■ WHAT THIS TASK INVOLVES ■
As an exercise in exact copying, transcribe the lines below from the one holding "Ladmiple Sneakers For" through the last, with both ends included and pictures left out.

■ AVAILABLE DATA ■
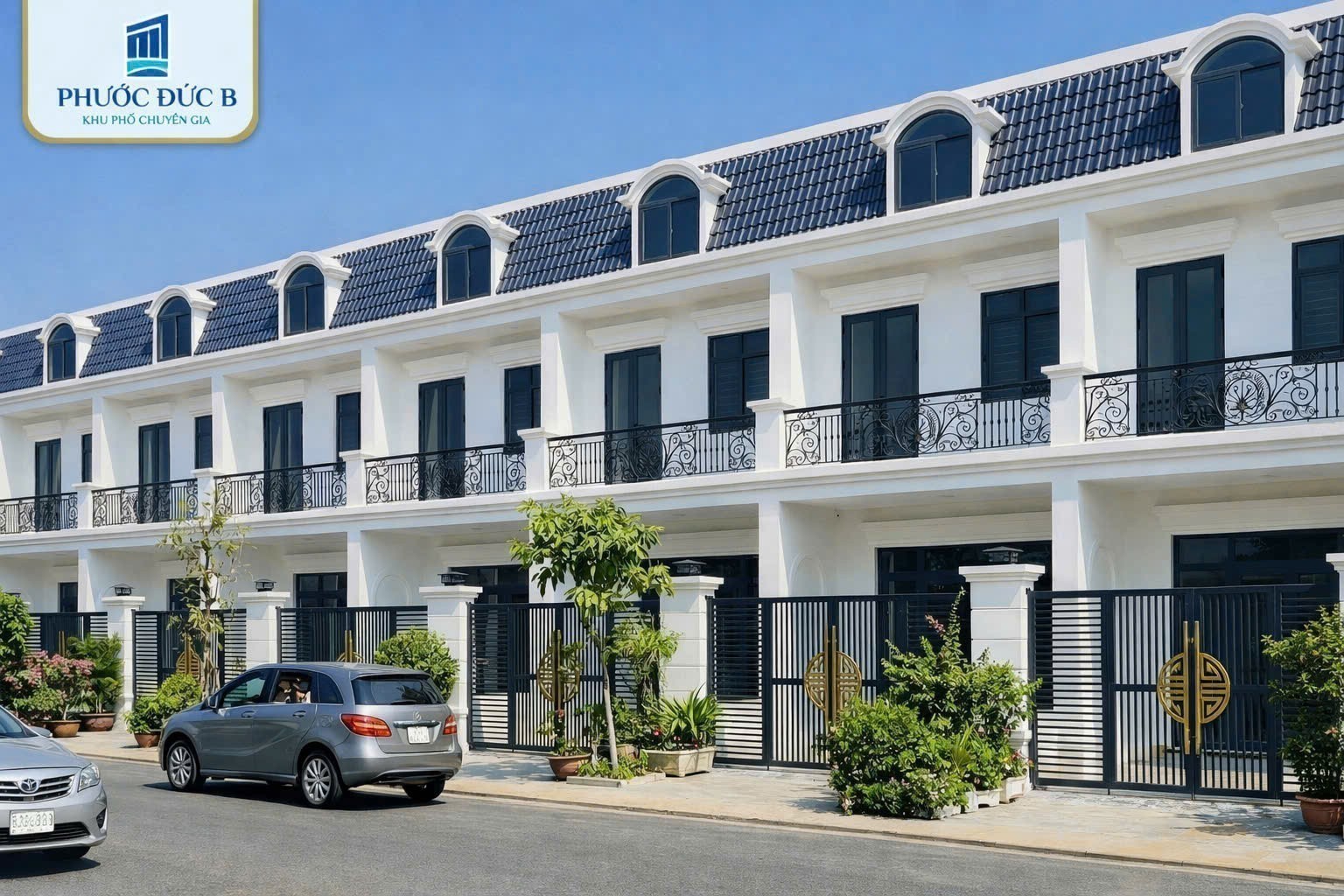 LẦN ĐẦU TIÊN Ở TÂY NINH CÓ DỰ ÁN ĐƯỢC VÍ NHƯ PHÚ MỸ HƯNG 2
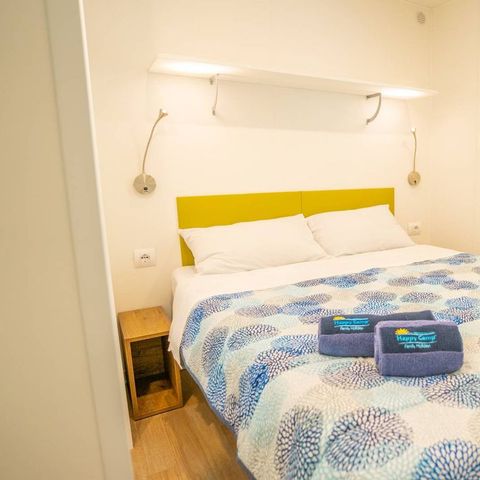 MOBILHOME 7 personas - Feliz Superior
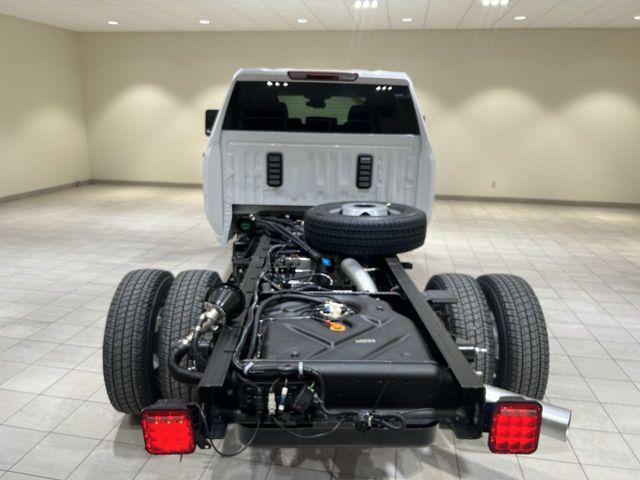 2026 Chevrolet Silverado 3500HD Work Truck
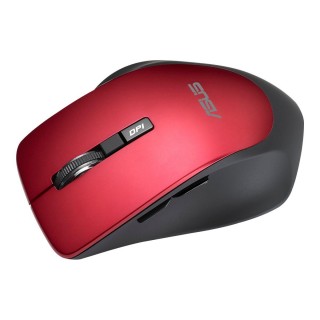Asus | WT425 | Mouse | wireless | Red
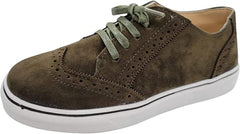 Ladmiple Sneakers For Women Slip On Wide Width Lace Up Fashion Dressy Casual Summer Canvas Walking Shoes Flats Loafers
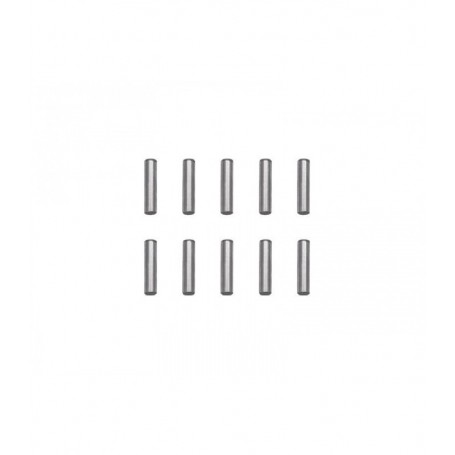 Pin 2x8.8mm Serpent x10 uds.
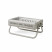 Гриль настільний туристичний Naturehike Misty CNK2650CF011, пісочний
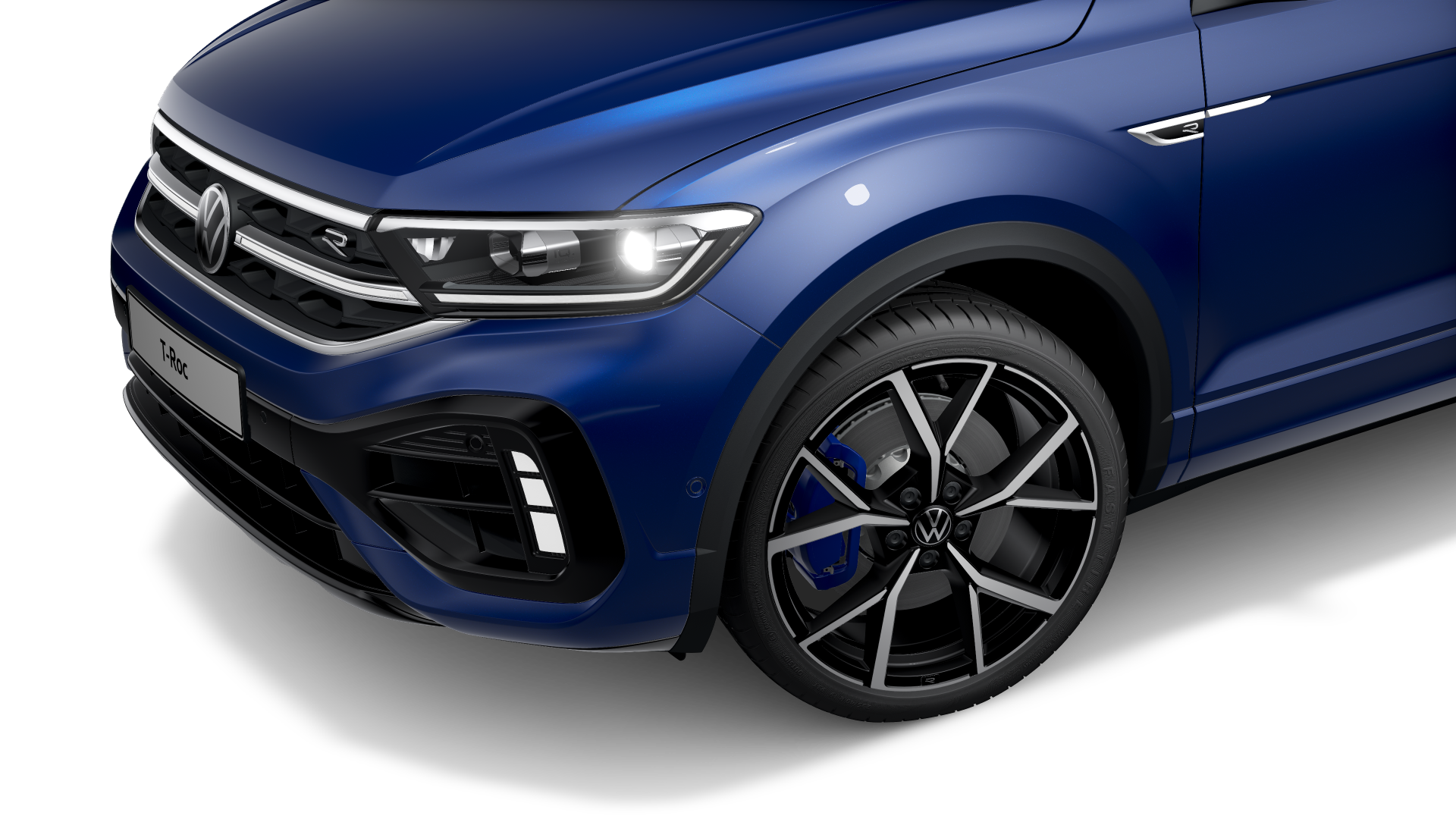 Volkswagen T-Roc 2.0 TSI IQ.Drive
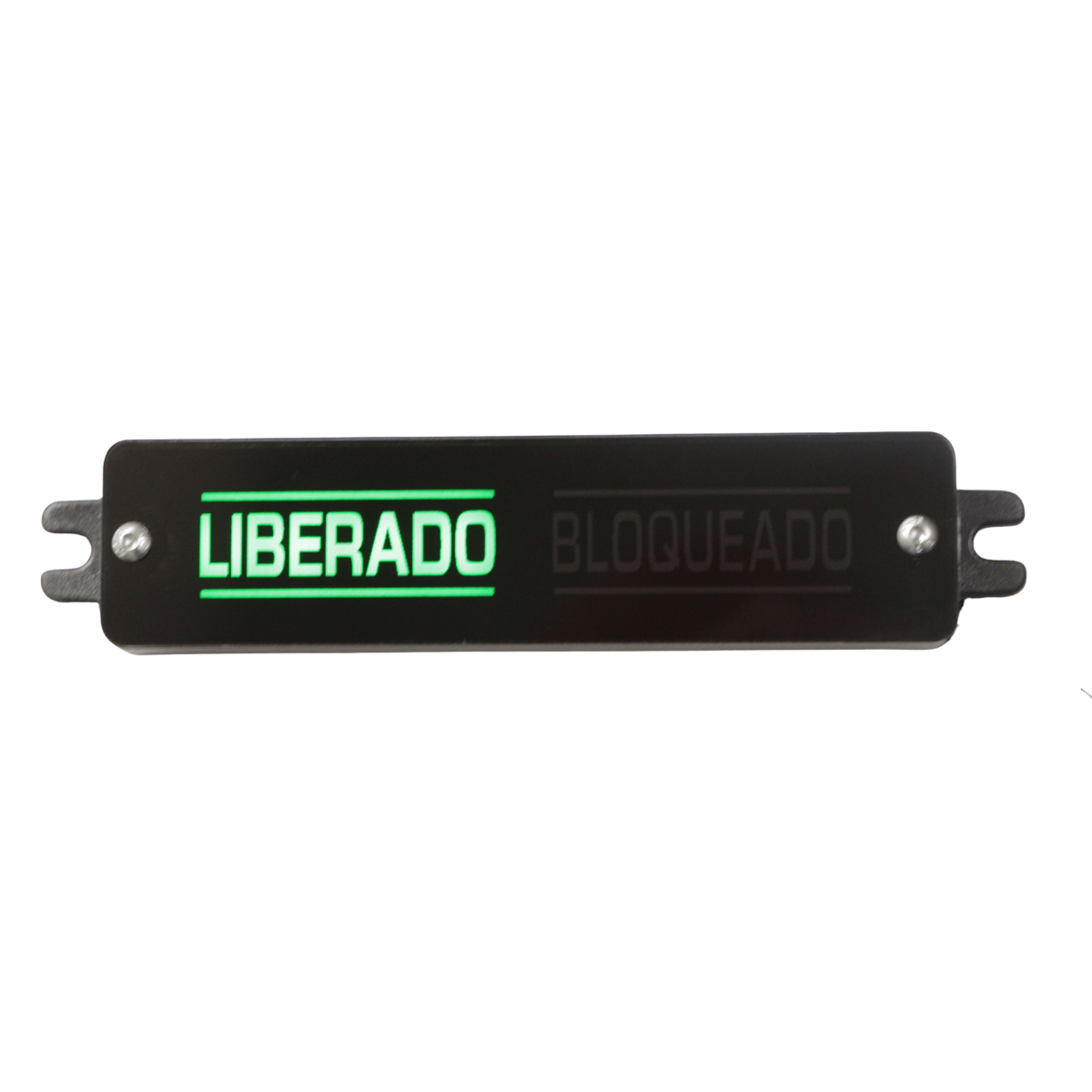 Display Sinalizador LED Liberado/Bloqueado – Gp Control 142020 GP Control - imagem 4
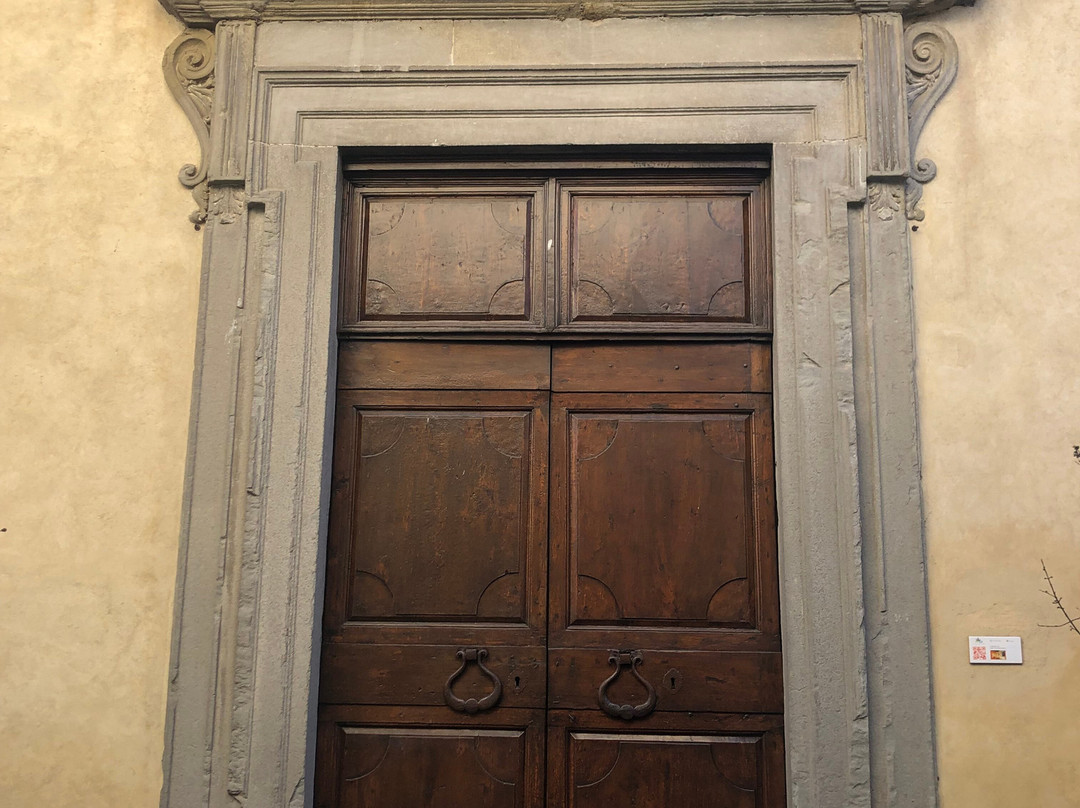 Chiesa di San Domenico-Castiglione del Lago必去景点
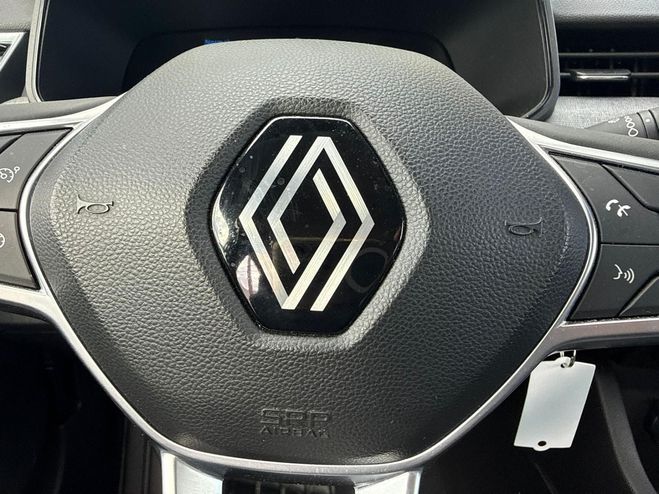 Renault Clio 1.6 E-Tech Hybride 145 Evolution GRIS CLAIR de 2025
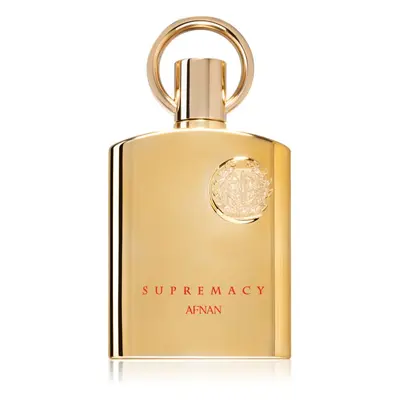 Afnan Supremacy Gold parfémovaná voda pro ženy 100 ml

■ WRITTEN ANSWER ■
 Ladmiple Sneakers For Women Slip On Wide Width Lace Up Fashion Dressy Casual Summer Canvas Walking Shoes Flats Loafers
 Pin 2x8.8mm Serpent x10 uds.
 Гриль настільний туристичний Naturehike Misty CNK2650CF011, пісочний
 Volkswagen T-Roc 2.0 TSI IQ.Drive
 Display Sinalizador LED Liberado/Bloqueado – Gp Control 142020 GP Control - imagem 4
 Chiesa di San Domenico-Castiglione del Lago必去景点
 Renault Clio 1.6 E-Tech Hybride 145 Evolution GRIS CLAIR de 2025
 Afnan Supremacy Gold parfémovaná voda pro ženy 100 ml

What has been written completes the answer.